--- PROVIDED MATERIAL ---

* * *

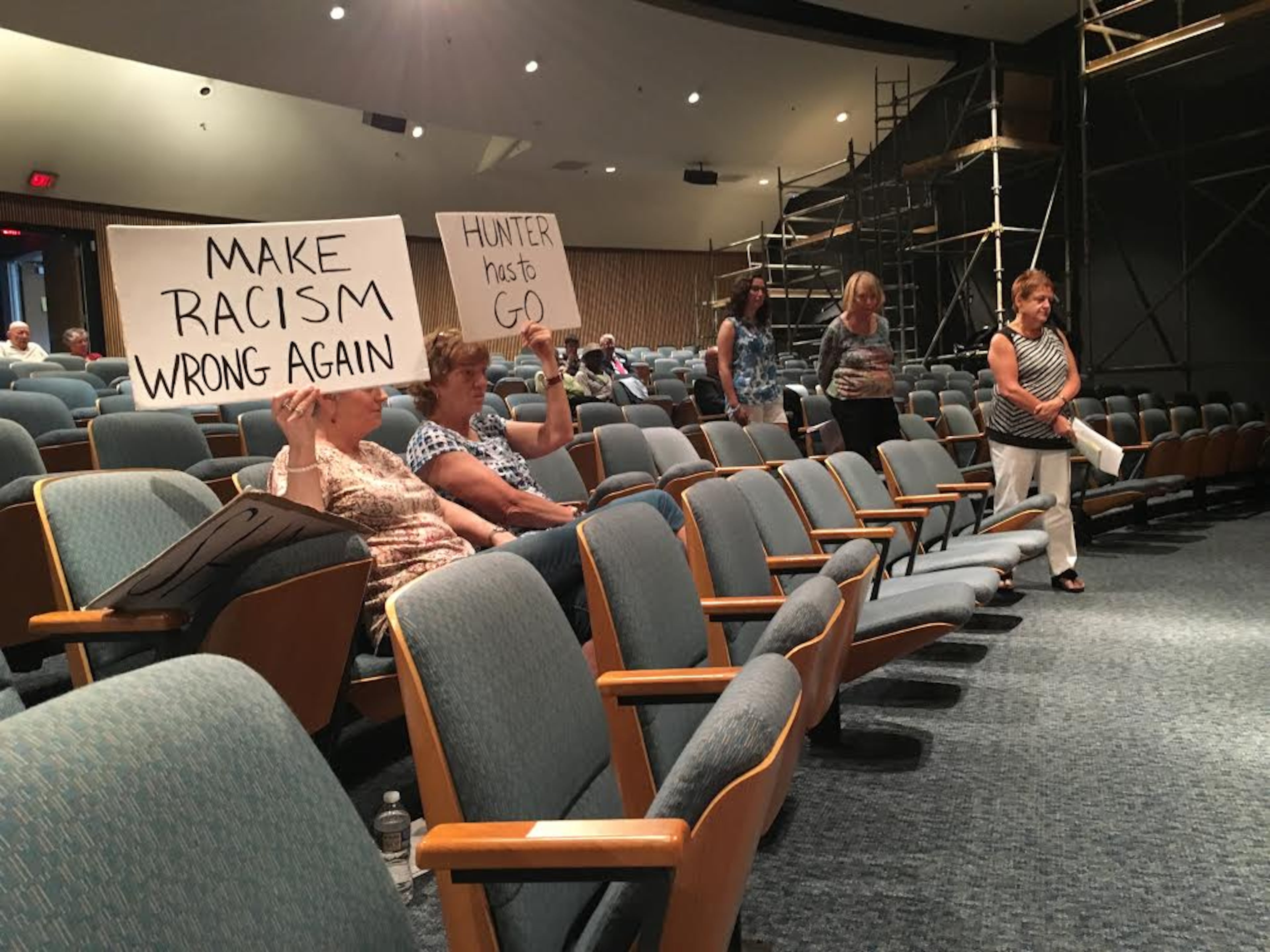 Protesters attend Tuesday afternoon’s meeting of the Gwinnett County Board of Commissioners to call for the resignation of Commissioner Tommy Hunter, who was reprimanded last week by his colleagues. TYLER ESTEP / TYLER.ESTEP@AJC.COM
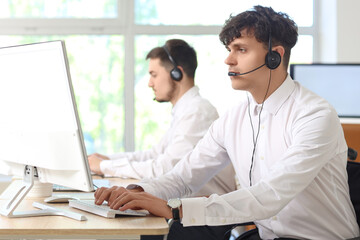 Obraz premium Male technical support agents working in office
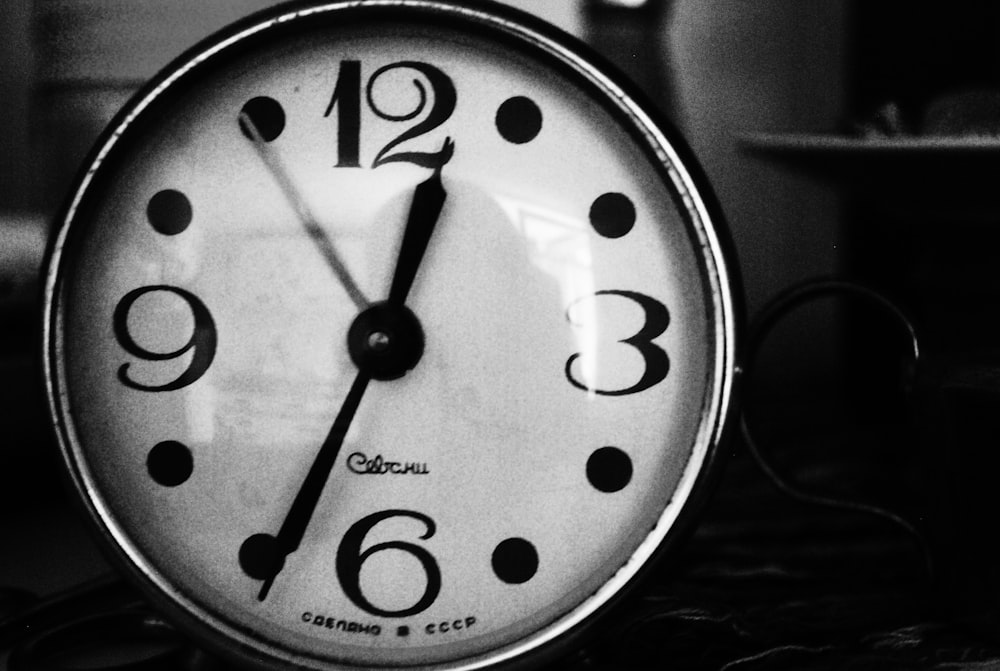 grayscale photo of analog clock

* * *

--- PROMPT ---
Give back all of the data exactly, but not the pictures.

--- THE ANSWER ---
 Protesters attend Tuesday afternoon’s meeting of the Gwinnett County Board of Commissioners to call for the resignation of Commissioner Tommy Hunter, who was reprimanded last week by his colleagues. TYLER ESTEP / TYLER.ESTEP@AJC.COM
 Obraz premium Male technical support agents working in office
 grayscale photo of analog clock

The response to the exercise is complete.